小麦粉塗れのキッチンで、アミール王子は一人で笑っていた。
「くくく……あはは、あはははは!面白い、本当に面白い!これは何がなんでも手に入れないと!」
粉塵爆発の知識は化学の発展していないこの国にはない。
ただスノーホワイトが自分の目の前で小麦粉を使い、謎の爆発を起こしたその事実がおかしくて、アミール王子は笑っていた。
(炭鉱で度々爆発が起きる事があるが、恐らくあれと同じ原理なのだろう。石炭の粉が火気に反応して起きる爆発。それを小麦粉で応用した小爆発)
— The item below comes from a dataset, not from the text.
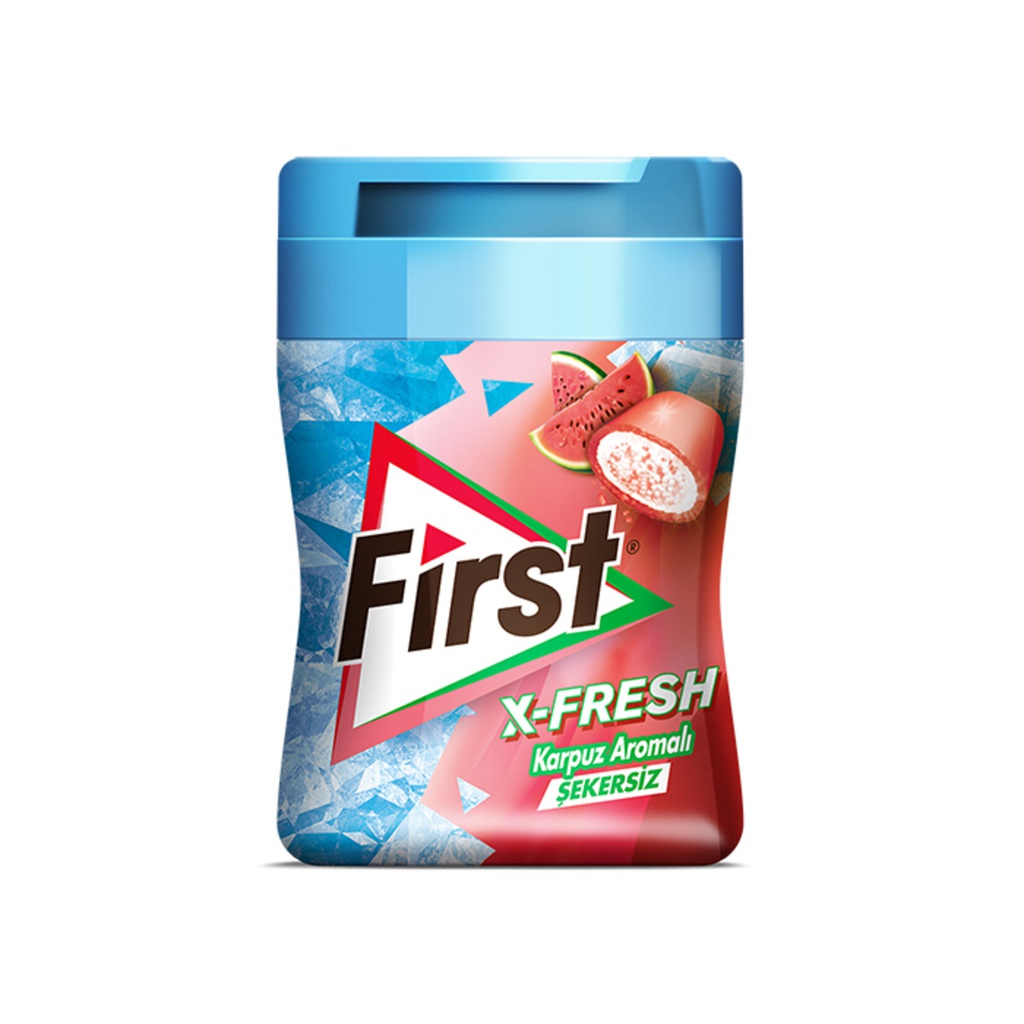 X-Fresh Bottle Watermelon Flavored Sugar Free Gum 64 Gr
「凄いな、これが異世界の知識なのか。……いや、待てよ。砂糖やコーンスターチ等、他の無害そうな粉でも爆発を起こせるのか?――…だとしたら、色々使い道はありそうだ」
笑い過ぎて出て来た涙を拭い、彼は剣を鞘にしまう。
「ああ、おかしい、本当にあの子にはいつも驚かされる」
(異界の乙女、聖女ホナミの息子か)
アミール王子の目がまた鋭さを増す。
―――聖女と聞いて、思い出すのは死に際の母の顔だった。
『エミリオの事は任せましたよ』
産まれたばかりの弟をアミール王子に渡すと、ベルナデット王妃は死相の浮かんだ顔で語り出した。
『私は死ぬでしょう。恐らく、近日中に』
『何故ですか、母上』
『ホナミに負けたから。……結婚すれば、子供をもうければ、ライナー兄様を取り戻せると思ったのになぁ。本当に、あの女、嫌い。大嫌いよ。』
最後の方は独り言の様だった。
『ねえアミー、恋は戦争なのよ。恋と戦争の本質とはとても良く似てる。始めるのは簡単だけれど、終わらせるのはとても難しい。その戦いは命懸けで、あらゆる戦術を行使する事が許されるけれど、経験は全く役に立たないのです。押せば良い時もあるし、引いた方が良い時もある。自分に正直でいた方が良い日もあれば、そうではない日もある。嘘を付いた方が良い日もあるけれどそうではない日もある。その日の正解は翌日には間違いになっているなんて事もざらだから、いつだって選択に迷う。何を言うべきか、何をするべきか悩む。考えても考えても正解が分からない。誰も答えなんて教えてくれないの。――あなたの母はその戦争に負けたのです。だから死ぬのよ。敗者らしく、無様にね』
母が何を言わんとしているのか、幼い彼には理解出来なかった。
(母は父と結婚し、私と弟を産んだのだ。そんな彼女が一体何に負けたと言うのだろう?)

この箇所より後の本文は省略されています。